Demasiado tarde: el desgraciado se había desvanecido.

– ¡La teriaca! -gritó Ibn Abi Asrun al doctor-. ¡Necesita más! ¡Deprisa, apresúrate! ¡Este hombre está casi muerto!

– No sé si puedo -se excusó el doctor al-Waqqar-.Ya le he aplicado más de lo permitido.

– ¡Puedes, ya que yo te lo ordeno! -explotó el cadí-. ¡Haz lo que te digo o serás tú quien tenga que preocuparse por el más allá!

– Pienso en él todos los días -resopló al-Waqqar inclinando la cabeza.

El doctor administró al mameluco una segunda dosis de teriaca. El agonizante levantó los párpados. Ya no sonreía. Tenía el aire angustiado de un niño despertado en plena noche. Unos feos cercos negros se marcaron bajo sus ojos y su frente se surcó de arrugas. Los labios del moribundo palidecieron de nuevo.

– ¡Habla! -ordenó el cadí.

– Tengo sueño -respondió el mameluco.

– Enseguida dormirás, en tu país. ¡Te lo prometo! ¡Pero antes tienes que hablar! Los asesinos ¿adonde fueron?

El mameluco, demasiado débil para abrir la boca, mostró con un movimiento lánguido de la mano un lugar de la plaza del mercado.

– ¡Id a ver! -ordenó el cadí a dos de sus hombres-. ¡En cuanto a ti, continúa! -gritó al mameluco-. ¡Dime adonde fue el hospitalario!

El mameluco indicó la ciudad baja, y susurró tan bajo que tuvieron que inclinarse sobre su boca para oírlo:

– Una pareja de ancianos, con un perro y un niño, en una carreta tirada por un asno tan pequeño, tan viejo… ¿Cómo es posible?
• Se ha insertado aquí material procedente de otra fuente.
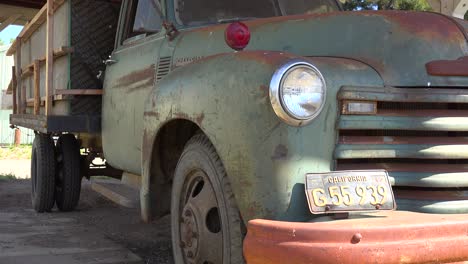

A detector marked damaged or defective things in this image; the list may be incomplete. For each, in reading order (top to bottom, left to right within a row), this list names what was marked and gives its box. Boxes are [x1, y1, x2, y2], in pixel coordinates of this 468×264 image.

rusted bumper [243, 210, 468, 264]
Sus labios se inmovilizaron tras la pregunta.

– Se acabó -dijo simplemente al-Waqqar.

– Ya lo veo -dijo, ofendido, el cadí-. ¡He visto suficientes combates para reconocer a un muerto cuando lo tengo delante!

– Perdonadme, excelencia, pero ¿qué se hará con el cuerpo de este hombre? Le prometisteis…

– ¡Tiradlo a la fosa común! Que se pudra con los otros.

– A vuestras órdenes -bufó el doctor, mientras apretaba un poco más fuerte la mano del desgraciado mameluco y encomendaba en silencio su alma a Dios a la vez que suplicaba el perdón de Alá.

Ahora el cadí tenía una imagen bastante precisa de los acontecimientos. Pero las razones de la alianza de los templarios con los asesinos todavía se le escapaban. A no ser que ocurriera como en el famoso dicho: «Los enemigos de mis enemigos son mis amigos». Todas las alianzas eran posibles, incluidas las más innobles. Con paso rápido, Ibn Abi Asrun fue a buscar al jefe de su guardia.

– ¿Qué esperáis para enviar a vuestros mejores jinetes en su persecución? Una carreta tirada por un asno viejo, con dos hombres, un niño y una mujer a bordo, no parece difícil de alcanzar, ¿no? Han salido hace dos o tres horas. ¡Y ay de aquel que no ensangriente su espada! -concluyó citando un versículo del Corán.